Caravaca de la Cruz es una ciudad que cuenta hoy con unos veinticinco mil habitantes, y que está situada en las estribaciones de la Sierra de Mojantes, en el interior de la Región de Murcia. Su nombre resultará más que familiar a todas las personas practicantes o conocedoras o estudiosas de la religiosidad popular en el espacio ibérico, porque en su Basílica del Real Alcázar de la Vera Cruz se conserva un relicario en cuyo interior se guarda la que la tradición dice que es una parte del Lignum Crucis o cruz en que murió Cristo. El perfil de cruz patriarcal del relicario ha sido replicado durante siglos en millones de dibujos, pinturas, impresos, maderas, metales y moldes, que han recibido tradicionalmente, en España, el nombre de cruces de Caravaca, y que han tenido todo tipo de usos no solo religiosos, sino también mágico-místicos. Fue creencia tradicional en pueblos de toda España, por poner un solo ejemplo, que los saludadores o curanderos carismáticos podían ser reconocidos desde el momento del nacer, porque tenían una cruz de Caravaca inscrita en el velo del paladar.

La ciudad murciana es notable por más razones, por supuesto; entre ellas porque es la sede de la Hermandad de Ánimas de Caravaca de la Cruz, o de los Animeros de Caravaca, si se prefiere: un micromundo complejo, caleidoscópico, cuyos miembros son cantores e instrumentistas que cultivan un amplio repertorio de música religiosa y de música profana de carácter tradicional y popular. Se trata de una institución que ha llegado a un grado de identificación insólito (aunque no desprovista de vaivenes y hasta de enfoques y actitudes diversos e incluso contrapuestos en lo que se refiere a sus propias identidad y actividad) con el pueblo en que tiene su raíz.
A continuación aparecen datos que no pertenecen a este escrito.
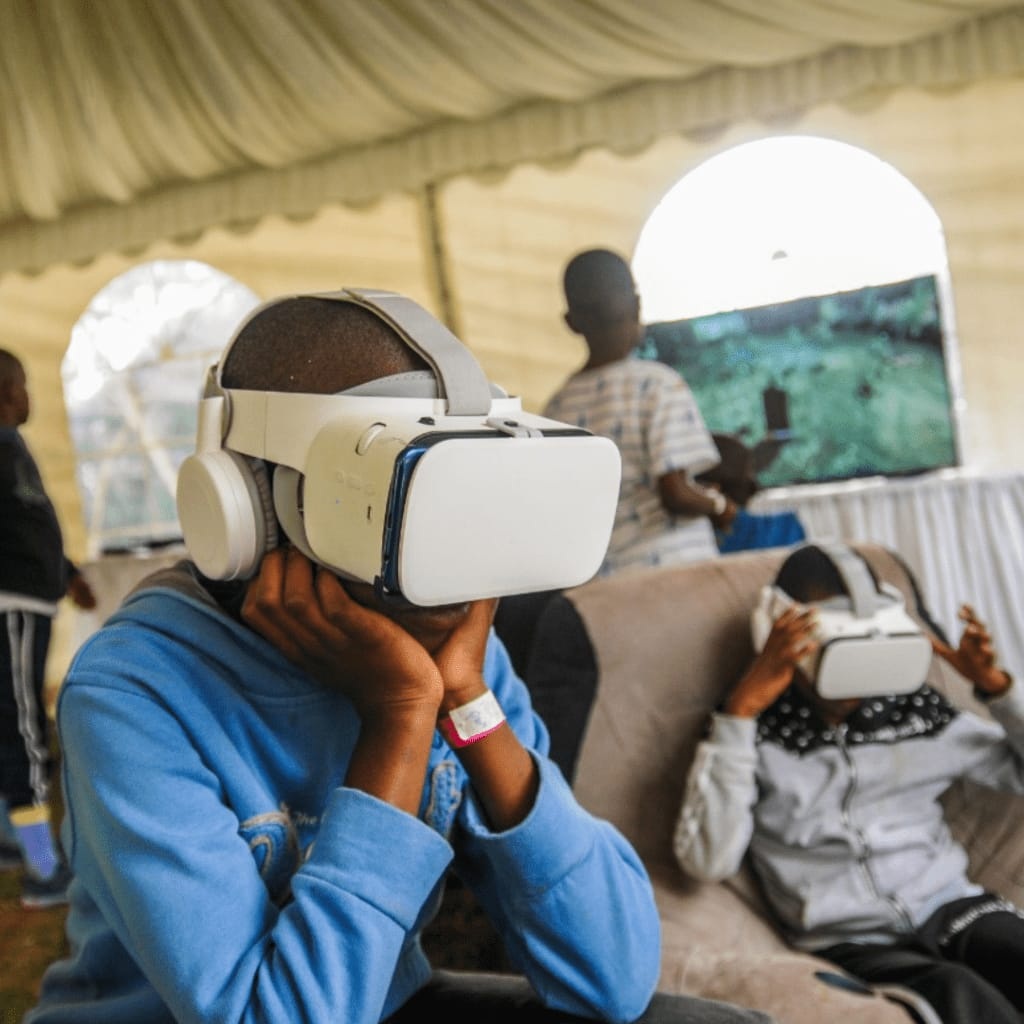 Virtual Reality Game for Hire for a kids birthday party in Nairobi
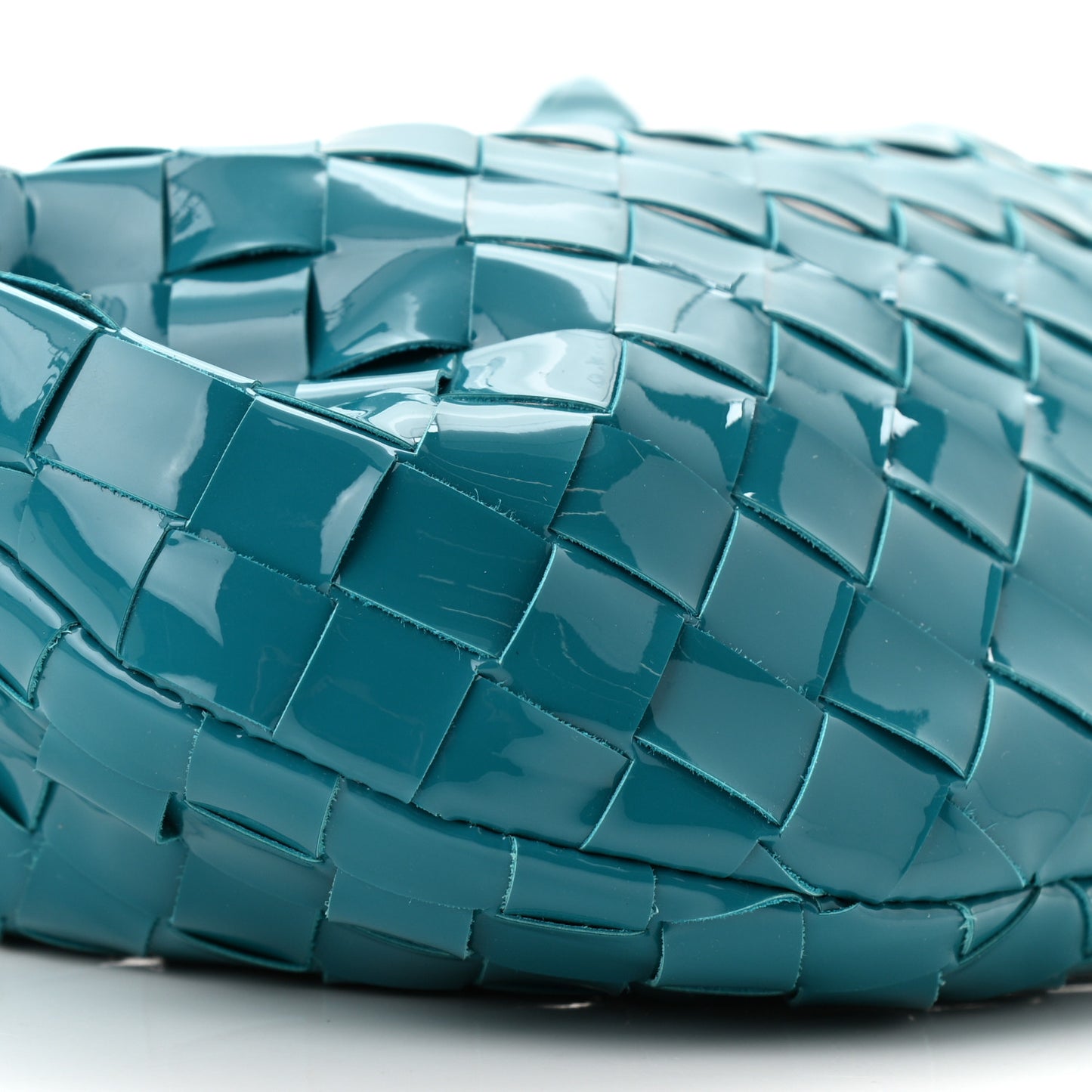 Patent Nappa Intrecciato Mini Jodie Blaster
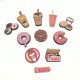 thumbnail image 4 of 11 Pices Accessoires De Chaussures , Boucles De Chaussures En Caoutchouc, Fleurs De Chaussures Imprimes En Pvc, Accessoires De Bricolage Pour Chau, 4 of 5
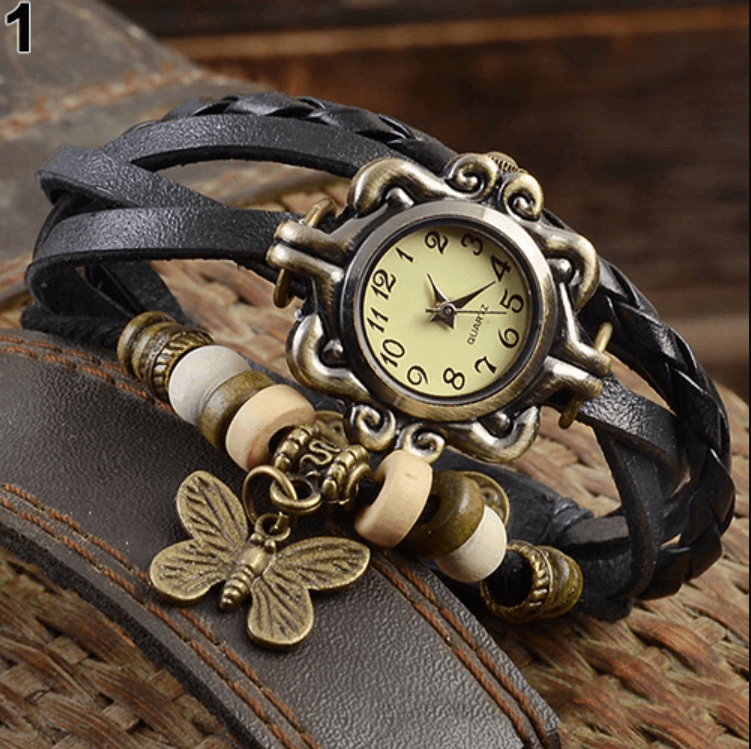 Armbandhorloge in vintagestijl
La Hermandad de Ánimas de Caravaca es un caso muy destacable entre muchos, porque fue el primero en resurgir en la década de 1970, tras su apagamiento durante la posguerra; y porque ha sido un modelo para otros grupos, dentro de la densa trama de cuadrillas de música popular que tienen actividad en una gran cantidad de pueblos y ciudades del sureste español, en una «zona que comprende la comarca de Los Vélez de Almería, la actual Región de Murcia y otras zonas cercanas de las provincias de Granada, Jaén y Albacete desde aproximadamente el siglo XVI hasta principios o mediados del siglo XX» (informa la p. 34 del libro). La tradición de los Animeros o cuadrilleros de Caravaca está además estrechamente conectada con la de los auroros murcianos.
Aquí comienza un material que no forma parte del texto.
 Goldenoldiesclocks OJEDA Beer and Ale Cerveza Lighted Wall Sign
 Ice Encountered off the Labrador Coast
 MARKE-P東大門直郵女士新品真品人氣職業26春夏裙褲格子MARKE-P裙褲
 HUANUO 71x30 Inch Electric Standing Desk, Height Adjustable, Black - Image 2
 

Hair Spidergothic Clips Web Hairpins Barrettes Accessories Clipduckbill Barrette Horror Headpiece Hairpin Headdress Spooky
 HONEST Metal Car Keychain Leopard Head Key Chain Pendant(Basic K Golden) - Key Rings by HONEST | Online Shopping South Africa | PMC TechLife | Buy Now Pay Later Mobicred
La ciudad de Caravaca se ha hecho notable además porque al calor de esa Hermandad y de toda la insólita galaxia de músicas, versos, ceremoniales y ritos de sociabilidad que emanan de ella ha visto la luz el libro Los Animeros de Caravaca: tradición musical y revitalización en las cuadrillas del sureste español y, con él, una de las obras elaboradas más a conciencia y con objetivos y métodos más renovadores de entre las que han producido hasta hoy la etnomusicología, la etnografía, la folclorística, la antropología o la sociología de nuestro país. Sigue siendo mucho lo que los estudios de humanidades deberían decir a propósito del riquísimo fenómeno de las hermandades, cuadrillas y grupos de música popular del sureste español, y este libro marca un hito, al tiempo que propone un modelo que debería ser emulado en las poblaciones del entorno y de más allá.
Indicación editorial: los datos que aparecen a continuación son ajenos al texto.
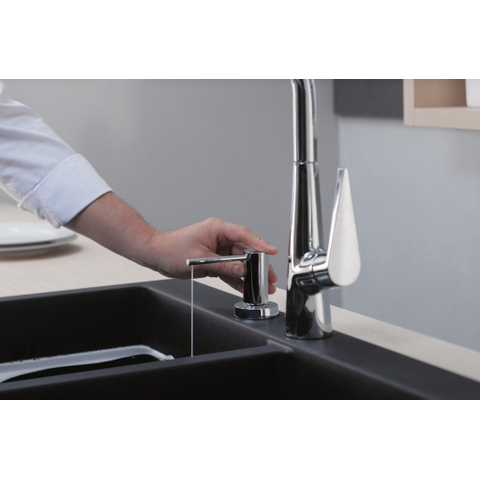 Hansgrohe A51 - zeepdispenser 1-gats 500ml onderbouw - hoogglans chroom SW241755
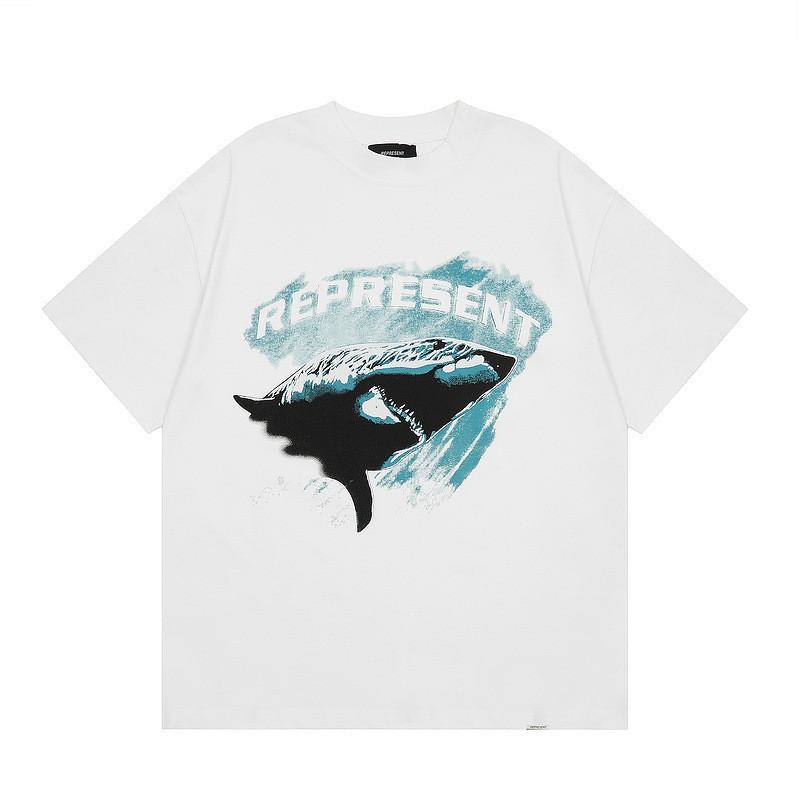 American Vintage REPRES Letter Print Oversized Short Sleeve T-Shirt Couples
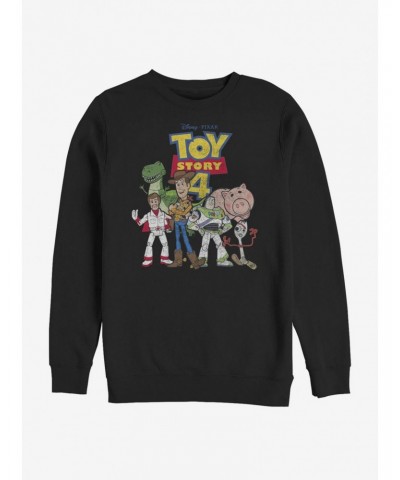 Disney Pixar Toy Story 4 Toy Crew Sweatshirt $10.33 Sweatshirts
Su autor, Julio Guillén Navarro, es no solo el firmante de la tesis doctoral (defendida en la Universidad de Valladolid en 2012) de la que este libro es reflejo; es además músico, etnomusicólogo y profesor de música, y ha tocado, cantado e investigado durante largos años con los Animeros de Caravaca, en un proceso sostenido y fecundo de lo que los antropólogos llaman observación participante: una estrategia de inmersión no tan común, por desgracia, en el panorama de nuestras ciencias sociales.

Guillén Navarro es no solo un músico y un etnomusicólogo especialista en folclore: es un estudioso interdisciplinar, que se mueve con solvencia en los campos más diversos, y que lo hace con una prosa dúctil y certera, y con una capacidad llamativa para estructurar con orden y transparencia la (muy compleja) secuencia de sus observaciones y argumentos.

El primer capítulo del libro, el que lleva el título de «Ejes de articulación: lo espiritual, lo identitario y lo sonoro», nos ofrece un trabado marco interpretativo, que vincula de manera persuasiva y cimentada sobre una bibliografía interdisciplinar las nociones de religión y religiosidad, identidad e historia, ritual musical y fiesta; y lo hace en el plano teórico igual que en el aplicado de manera específica al caso de Caravaca, cuyas geografía y ecología son también entendidas como factores influyentes en sus manifestaciones culturales. Especial interés tiene el epígrafe acerca de «las cuadrillas y grupos de Animeros del sureste español», dado que es imposible entender el proceso de construcción de la identidad de los Animeros de Caravaca fuera de la secuencia de los encuentros e intercambios (que por largos períodos de tiempo fueron muy intensos, y por otros quedaron restringidos, por designio de los propios cuadrilleros) que ha tenido con otros grupos que se hallan dispersos por cinco provincias y tres regiones.

Siguen dilucidaciones muy escrupulosas del nexo que «una cofradía laica» como es la Hermandad de Caravaca mantiene con respecto a las actividades y a las fiestas eclesiales; de la composición, las jerarquías y el papel decisivo que cumple en ella la figura del mayordomo; de la cronología de la Hermandad, cuyas raíces remiten a un pasado inmemorial, puesto que no hay documentos que expliquen su fundación ni sus primeros tiempos; se sabe, eso sí, que perduró durante siglos, hasta que le llegó un período de declive que desembocó en su práctica extinción, en los duros años de la posguerra, la inmigración, la despoblación, allá por el tránsito de la década de 1940 a la de 1950.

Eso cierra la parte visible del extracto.